3. I also don't see how a fast acting protein, like whey, is more problematic for ketosis. Again, it is the status of your liver and blood sugar that govern the production of ketones. Egg whites are also a very fast digesting protein. And all proteins stimulate an insulin response.

And as an aside, more specific to carbs, and adding things like fat/fiber to 'slow it down', this is the premise of the glycemic index which basically says that the addition of these things slows down digestion and results in more of a trickle effect of sugar entering the blood. While true, the GI says nothing about the insulin response, just the rate of entry. A more accurate measure is the insulin index, which is a measure of the insulin response. And what might be surprising is that while adding fat to something slows it down, it also increases the insulin response.

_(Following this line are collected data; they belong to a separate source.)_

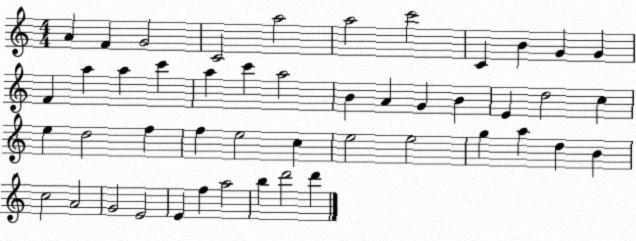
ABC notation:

X:1
T:Untitled
M:4/4
L:1/4
K:C
A F G2 C2 a2 a2 c'2 C B G G F a a c' a c' a2 B A G B E d2 c e d2 f f e2 c e2 e2 g a d B c2 A2 G2 E2 E f a2 b d'2 d'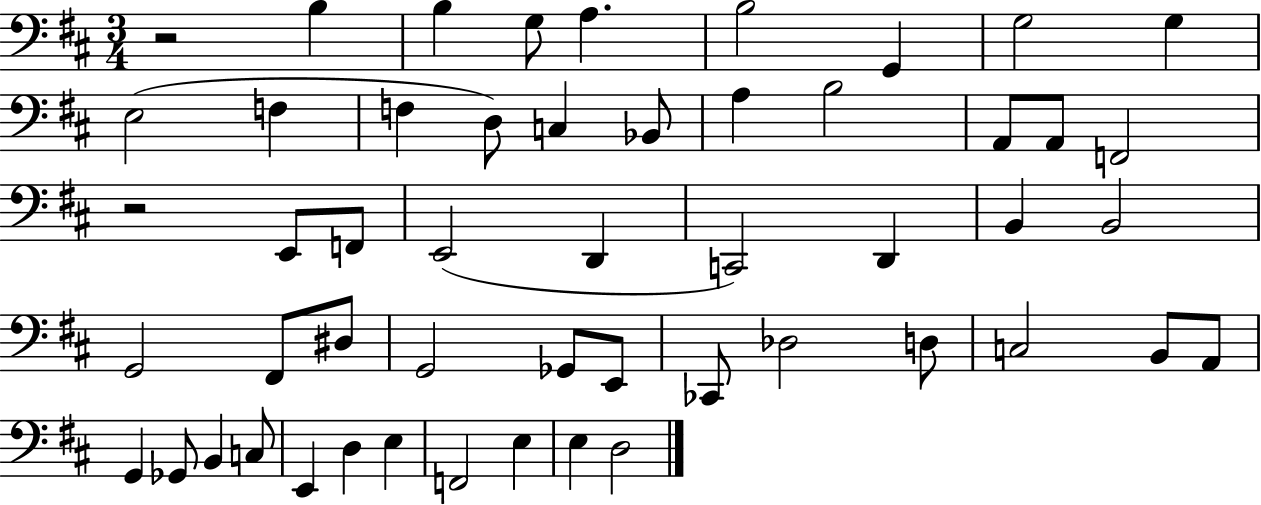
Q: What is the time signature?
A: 3/4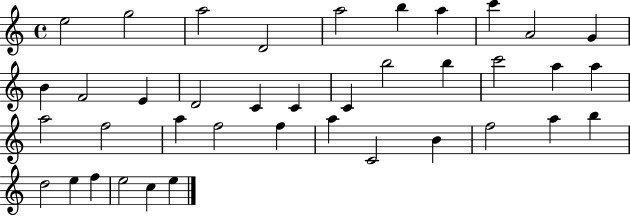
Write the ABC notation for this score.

X:1
T:Untitled
M:4/4
L:1/4
K:C
e2 g2 a2 D2 a2 b a c' A2 G B F2 E D2 C C C b2 b c'2 a a a2 f2 a f2 f a C2 B f2 a b d2 e f e2 c e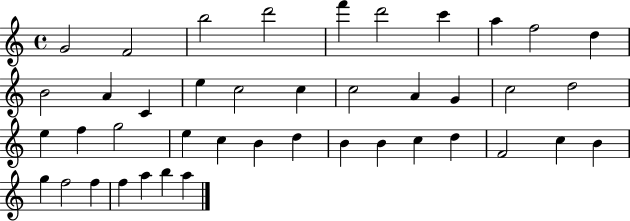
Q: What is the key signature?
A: C major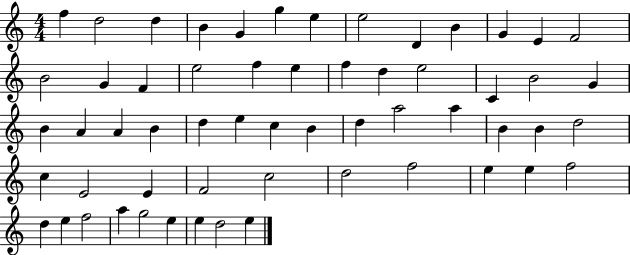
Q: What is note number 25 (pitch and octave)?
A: G4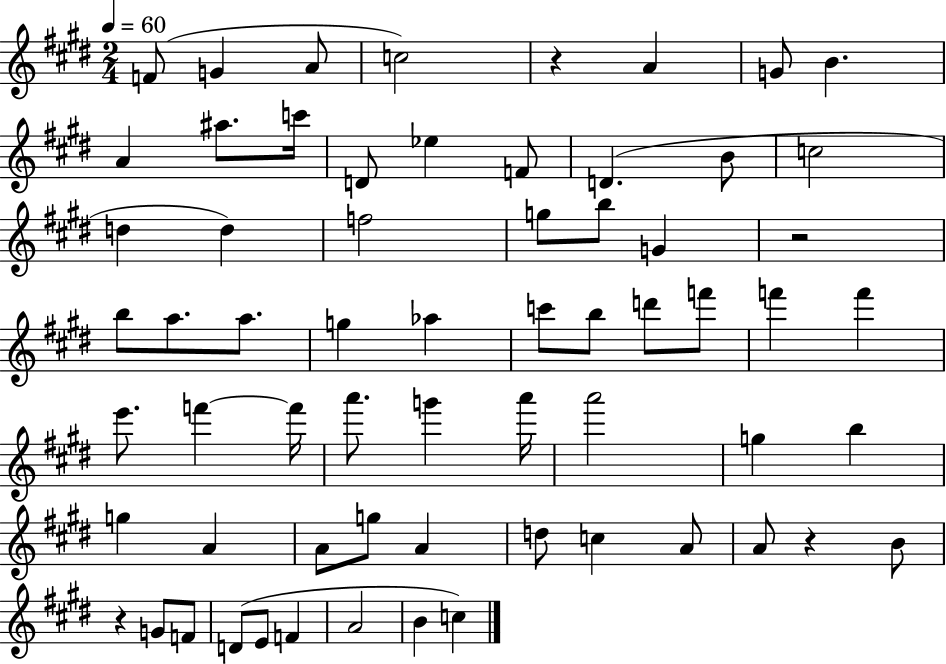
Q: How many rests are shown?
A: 4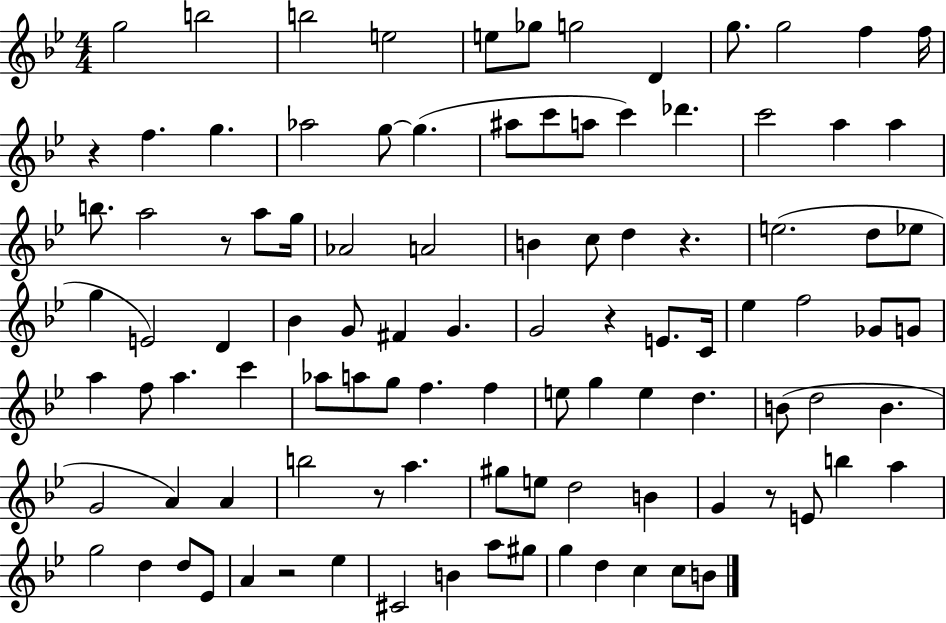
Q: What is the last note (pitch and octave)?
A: B4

Okay, well, whey knocks me out of ketosis every single time I've tried to use it while keto dieting. I've noticed that when I take something fatty and fibrous with it, this doesn't happen. So what's actually going on?

Edited to add:

Quote:
Originally Posted by -thunder-
Fat intake has nothing to do with getting in, or staying in ketosis.
I'm puzzled. How come it's so hard to get into ketosis unless fats are at least 65% of cals (for most people, anyway)?

Quote:
Originally Posted by -thunder
And what might be surprising is that while adding fat to something slows it down, it also increases the insulin response.
Is this why fatty carbs <cough donuts cough>are SOOOO fattening?

Last edited by Built : Fri, Oct-15-04 at 08:37.